Jannik Balint kämpft in Halle gegen Rechts – mit Sozialprotesten und Gehaltsverzicht
Berndt MitschkeJannik Balint kämpft in Halle gegen Rechts – mit Sozialprotesten und Gehaltsverzicht
Jannik Balint, Direktkandidat der Linken für den Halleschen Wahlkreis Mitte-Nord, hat eine ehrgeizige Kampagne gestartet, um dem Einfluss der extremen Rechten entgegenzutreten. Bei einer jüngsten Veranstaltung mit über 100 Teilnehmenden skizzierte er seine Vision für den Stadtteil und kritisierte die aktuelle Politik, die er für verschlechterte Lebensbedingungen und soziale Spaltung mitverantwortlich macht.

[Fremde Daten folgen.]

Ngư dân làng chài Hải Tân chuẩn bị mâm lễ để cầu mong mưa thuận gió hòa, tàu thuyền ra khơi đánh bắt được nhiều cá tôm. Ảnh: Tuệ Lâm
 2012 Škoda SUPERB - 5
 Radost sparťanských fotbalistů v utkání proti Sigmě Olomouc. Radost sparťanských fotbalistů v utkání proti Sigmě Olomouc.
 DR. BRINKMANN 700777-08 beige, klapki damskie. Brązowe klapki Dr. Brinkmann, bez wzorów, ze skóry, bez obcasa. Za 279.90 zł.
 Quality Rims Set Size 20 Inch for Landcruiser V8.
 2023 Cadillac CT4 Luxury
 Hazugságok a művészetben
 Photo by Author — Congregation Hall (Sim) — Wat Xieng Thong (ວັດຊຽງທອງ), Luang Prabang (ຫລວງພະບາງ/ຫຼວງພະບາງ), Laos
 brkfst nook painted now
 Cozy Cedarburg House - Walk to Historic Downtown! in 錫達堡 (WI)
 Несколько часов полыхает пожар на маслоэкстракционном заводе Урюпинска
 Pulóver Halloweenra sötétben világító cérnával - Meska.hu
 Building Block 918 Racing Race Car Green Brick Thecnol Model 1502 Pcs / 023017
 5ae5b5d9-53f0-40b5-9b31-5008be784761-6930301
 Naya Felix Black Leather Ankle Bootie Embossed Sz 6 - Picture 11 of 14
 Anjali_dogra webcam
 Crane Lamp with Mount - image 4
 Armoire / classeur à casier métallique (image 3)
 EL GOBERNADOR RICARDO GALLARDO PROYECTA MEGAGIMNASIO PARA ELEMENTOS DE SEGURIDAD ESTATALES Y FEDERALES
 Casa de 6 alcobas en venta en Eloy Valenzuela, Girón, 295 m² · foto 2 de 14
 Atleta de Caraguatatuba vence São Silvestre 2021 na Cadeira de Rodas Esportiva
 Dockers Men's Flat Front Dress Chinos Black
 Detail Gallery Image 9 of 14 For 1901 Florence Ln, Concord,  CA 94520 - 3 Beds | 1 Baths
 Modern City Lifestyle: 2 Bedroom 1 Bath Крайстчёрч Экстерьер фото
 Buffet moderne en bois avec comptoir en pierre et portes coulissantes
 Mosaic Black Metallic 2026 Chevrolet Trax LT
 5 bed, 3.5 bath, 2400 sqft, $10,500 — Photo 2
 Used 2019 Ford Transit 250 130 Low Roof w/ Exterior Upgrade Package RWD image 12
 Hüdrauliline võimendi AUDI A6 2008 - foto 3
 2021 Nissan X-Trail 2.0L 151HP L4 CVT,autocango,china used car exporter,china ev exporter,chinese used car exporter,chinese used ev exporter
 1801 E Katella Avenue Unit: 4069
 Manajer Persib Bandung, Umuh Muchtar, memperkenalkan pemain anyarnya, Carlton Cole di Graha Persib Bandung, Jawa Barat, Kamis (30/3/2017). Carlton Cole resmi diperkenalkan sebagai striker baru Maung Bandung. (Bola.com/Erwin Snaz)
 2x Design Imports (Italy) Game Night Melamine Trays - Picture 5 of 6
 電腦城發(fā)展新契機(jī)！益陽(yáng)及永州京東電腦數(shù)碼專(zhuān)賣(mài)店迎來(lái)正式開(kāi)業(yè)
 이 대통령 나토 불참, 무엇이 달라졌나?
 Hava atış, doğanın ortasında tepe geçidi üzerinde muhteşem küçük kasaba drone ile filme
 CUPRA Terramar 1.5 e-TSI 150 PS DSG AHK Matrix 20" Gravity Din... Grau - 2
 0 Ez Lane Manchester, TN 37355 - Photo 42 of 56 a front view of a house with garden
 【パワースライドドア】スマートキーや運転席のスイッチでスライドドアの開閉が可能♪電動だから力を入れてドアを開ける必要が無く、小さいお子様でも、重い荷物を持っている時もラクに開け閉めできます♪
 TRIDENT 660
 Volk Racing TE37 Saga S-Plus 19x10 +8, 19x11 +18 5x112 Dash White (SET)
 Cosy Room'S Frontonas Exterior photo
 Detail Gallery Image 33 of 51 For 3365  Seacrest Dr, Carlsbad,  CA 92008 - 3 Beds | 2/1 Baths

Im Rahmen eines Kampagnentags klopfte Balint an mehr als 800 Türen im Viertel. Er warf der regierenden CDU und ihren Koalitionspartnern vor, die Bevölkerung im Stich zu lassen – durch Niedriglöhne, unzureichende Renten und marode öffentliche Dienstleistungen. Besonders benannte er Schulen, die Kosten in der Pflege sowie die verfallende Infrastruktur als drängende Probleme.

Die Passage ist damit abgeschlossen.